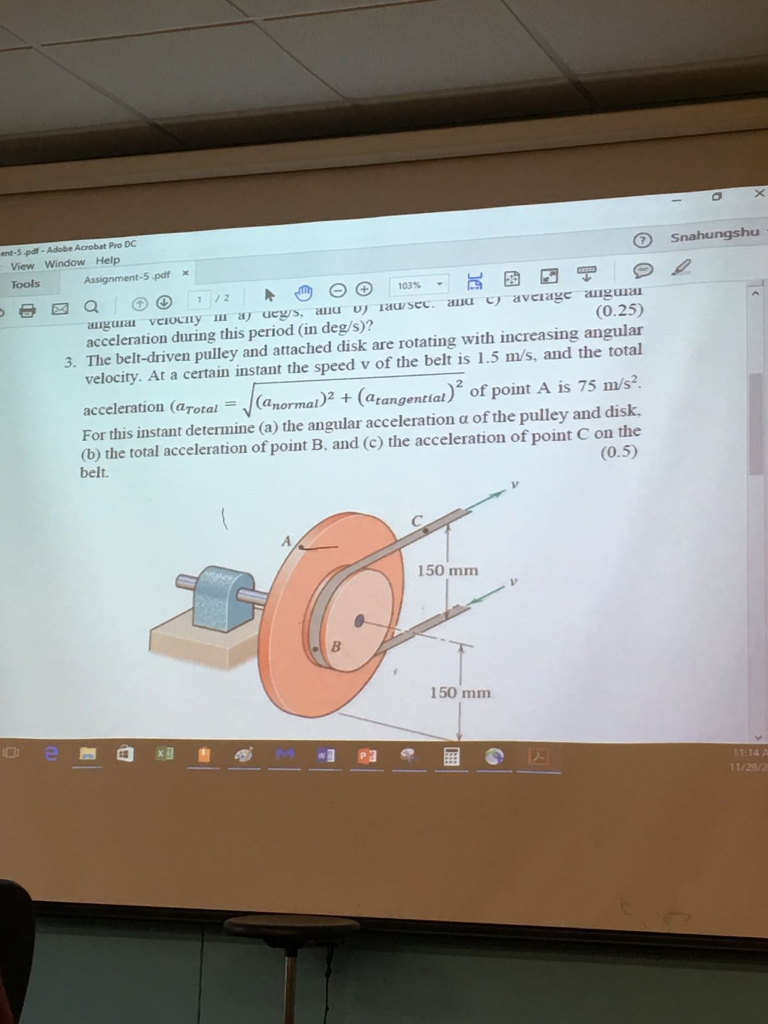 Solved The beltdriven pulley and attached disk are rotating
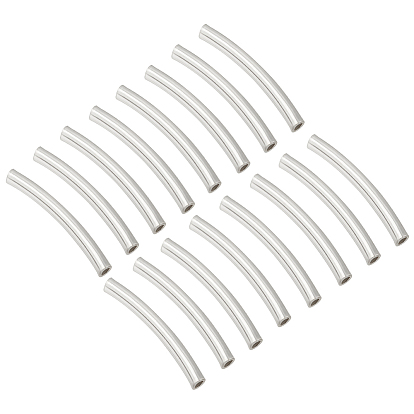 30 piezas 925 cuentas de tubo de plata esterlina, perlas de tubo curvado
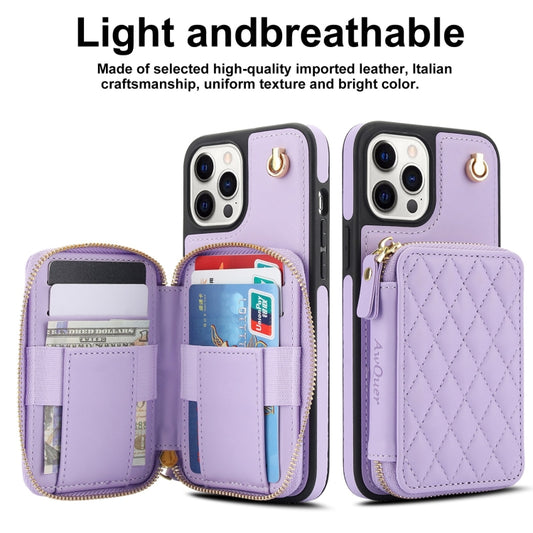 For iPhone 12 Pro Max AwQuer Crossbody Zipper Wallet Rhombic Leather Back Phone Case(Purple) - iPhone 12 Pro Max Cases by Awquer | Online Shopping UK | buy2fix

____________

EXERCISE AIM – Take the whole listing above and copy it exactly. Pictures do not go into the copy.

ANSWER BOX –
 Solved The beltdriven pulley and attached disk are rotating
 30 piezas 925 cuentas de tubo de plata esterlina, perlas de tubo curvado
 For iPhone 12 Pro Max AwQuer Crossbody Zipper Wallet Rhombic Leather Back Phone Case(Purple) - iPhone 12 Pro Max Cases by Awquer | Online Shopping UK | buy2fix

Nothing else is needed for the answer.